[RECORDS SUPPLIED Boundary: Start]

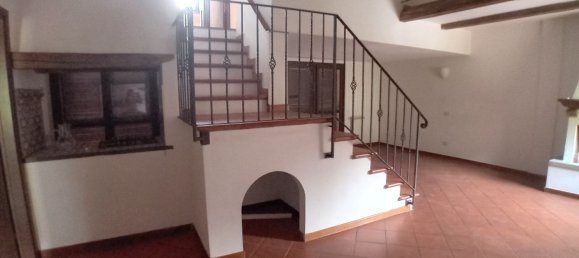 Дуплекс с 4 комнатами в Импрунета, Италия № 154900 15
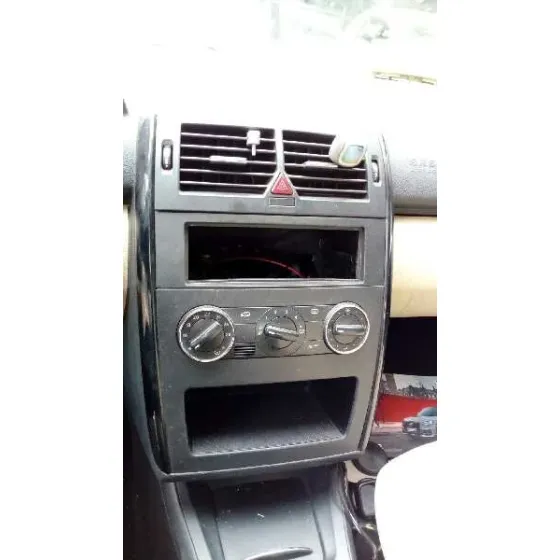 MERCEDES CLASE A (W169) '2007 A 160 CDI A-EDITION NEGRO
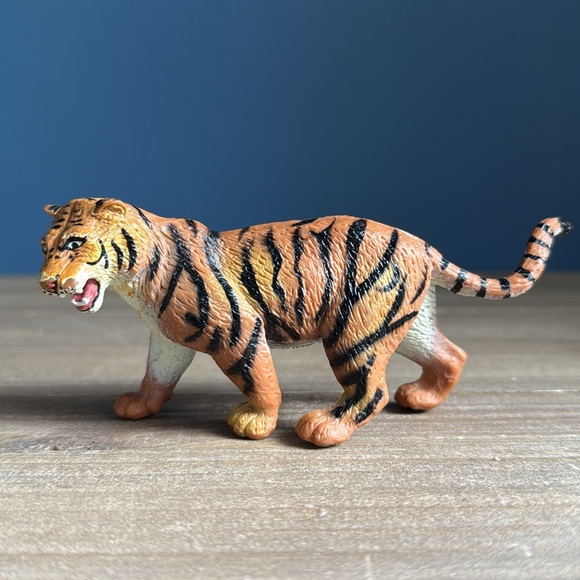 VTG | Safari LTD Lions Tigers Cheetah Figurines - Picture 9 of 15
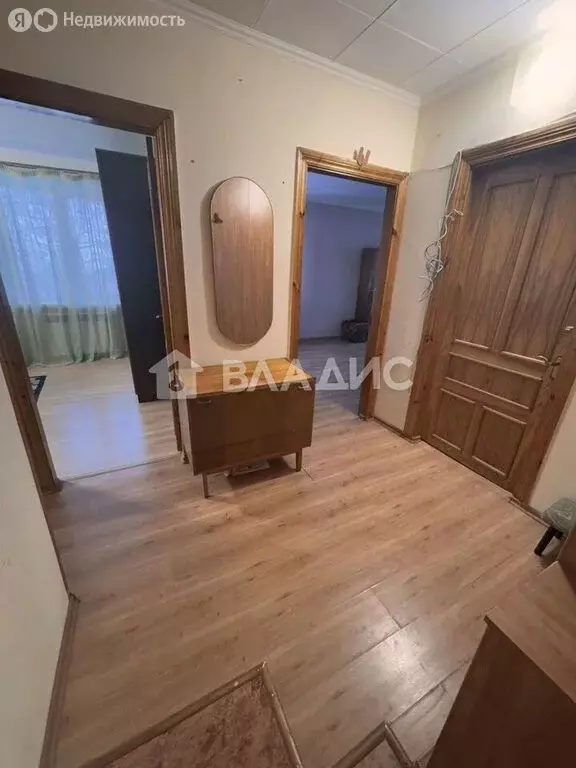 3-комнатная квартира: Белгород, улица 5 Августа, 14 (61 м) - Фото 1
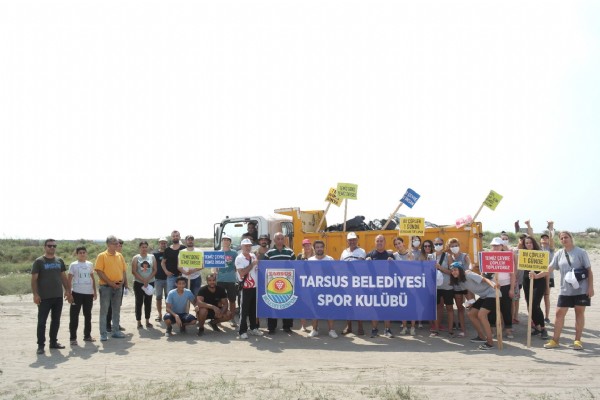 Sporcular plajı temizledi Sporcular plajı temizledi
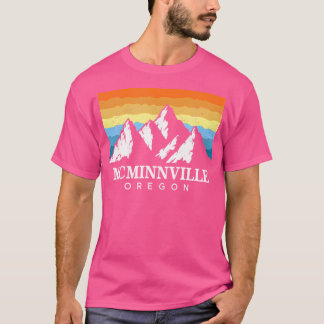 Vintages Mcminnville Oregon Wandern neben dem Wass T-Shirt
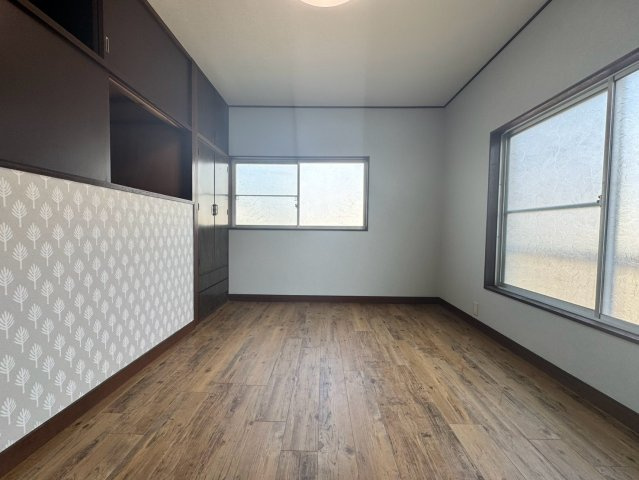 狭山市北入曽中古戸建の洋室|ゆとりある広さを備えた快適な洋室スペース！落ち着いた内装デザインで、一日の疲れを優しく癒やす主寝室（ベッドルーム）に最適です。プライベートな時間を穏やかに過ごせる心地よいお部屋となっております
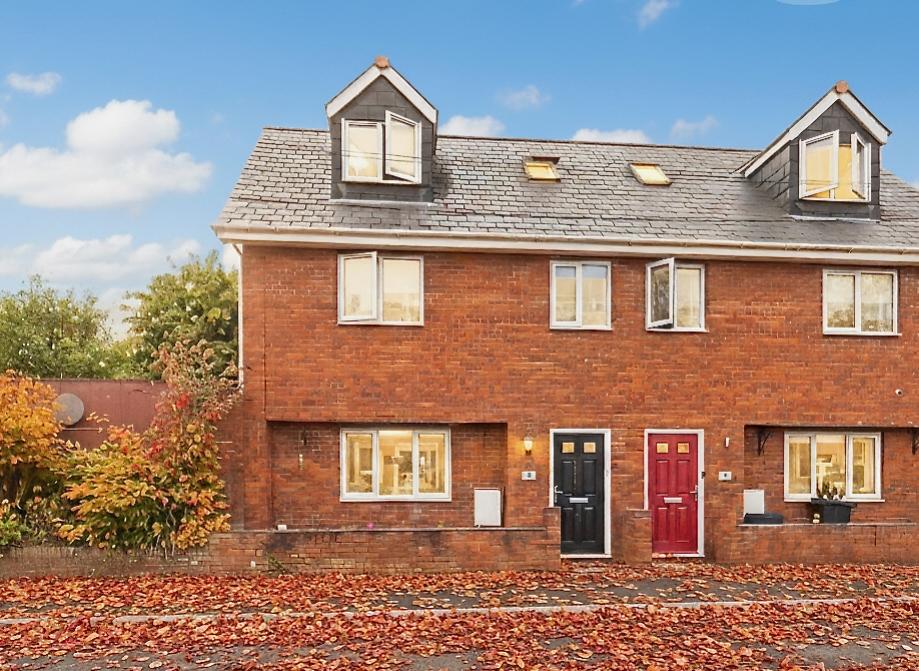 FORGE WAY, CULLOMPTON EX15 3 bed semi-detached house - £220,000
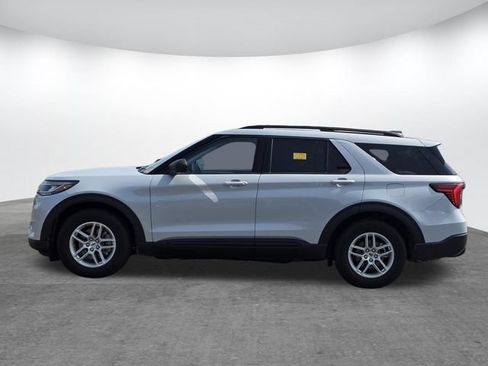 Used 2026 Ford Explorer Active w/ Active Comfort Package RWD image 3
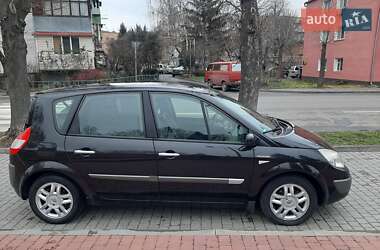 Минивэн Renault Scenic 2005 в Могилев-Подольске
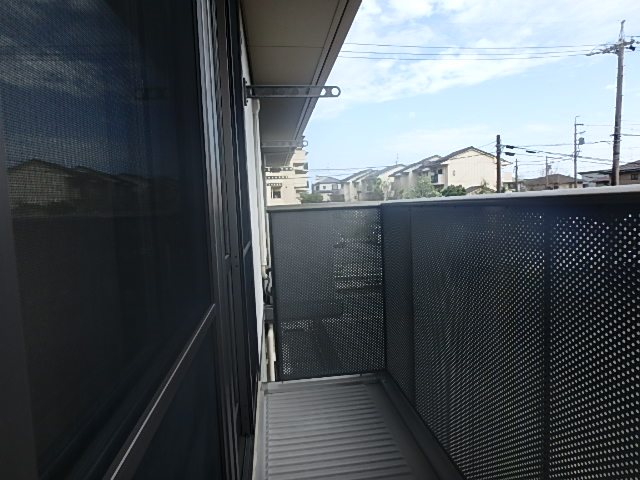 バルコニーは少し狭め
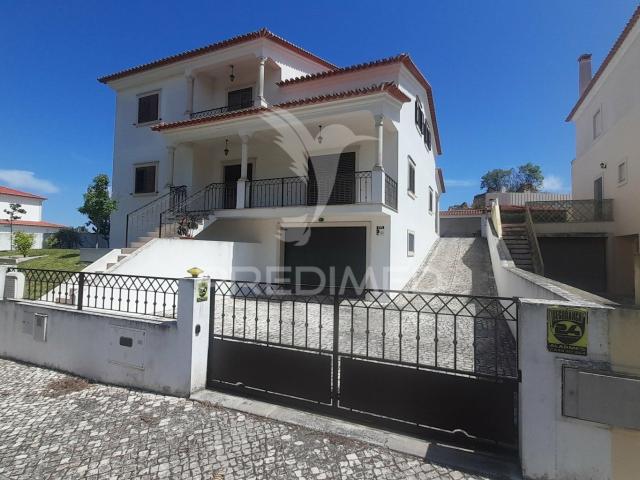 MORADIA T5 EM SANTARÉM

[RECORDS SUPPLIED Boundary: End]

— TASK OBJECTIVE —
Could you reproduce exactly the lines from the one containing "3-комнатная квартира: Белгород, улица" through the last line of the records, both included, leaving out the pictures?

— WRITTEN REPLY —
 3-комнатная квартира: Белгород, улица 5 Августа, 14 (61 м) - Фото 1
 Sporcular plajı temizledi Sporcular plajı temizledi
 Vintages Mcminnville Oregon Wandern neben dem Wass T-Shirt
 狭山市北入曽中古戸建の洋室|ゆとりある広さを備えた快適な洋室スペース！落ち着いた内装デザインで、一日の疲れを優しく癒やす主寝室（ベッドルーム）に最適です。プライベートな時間を穏やかに過ごせる心地よいお部屋となっております
 FORGE WAY, CULLOMPTON EX15 3 bed semi-detached house - £220,000
 Used 2026 Ford Explorer Active w/ Active Comfort Package RWD image 3
 Минивэн Renault Scenic 2005 в Могилев-Подольске
 バルコニーは少し狭め
 MORADIA T5 EM SANTARÉM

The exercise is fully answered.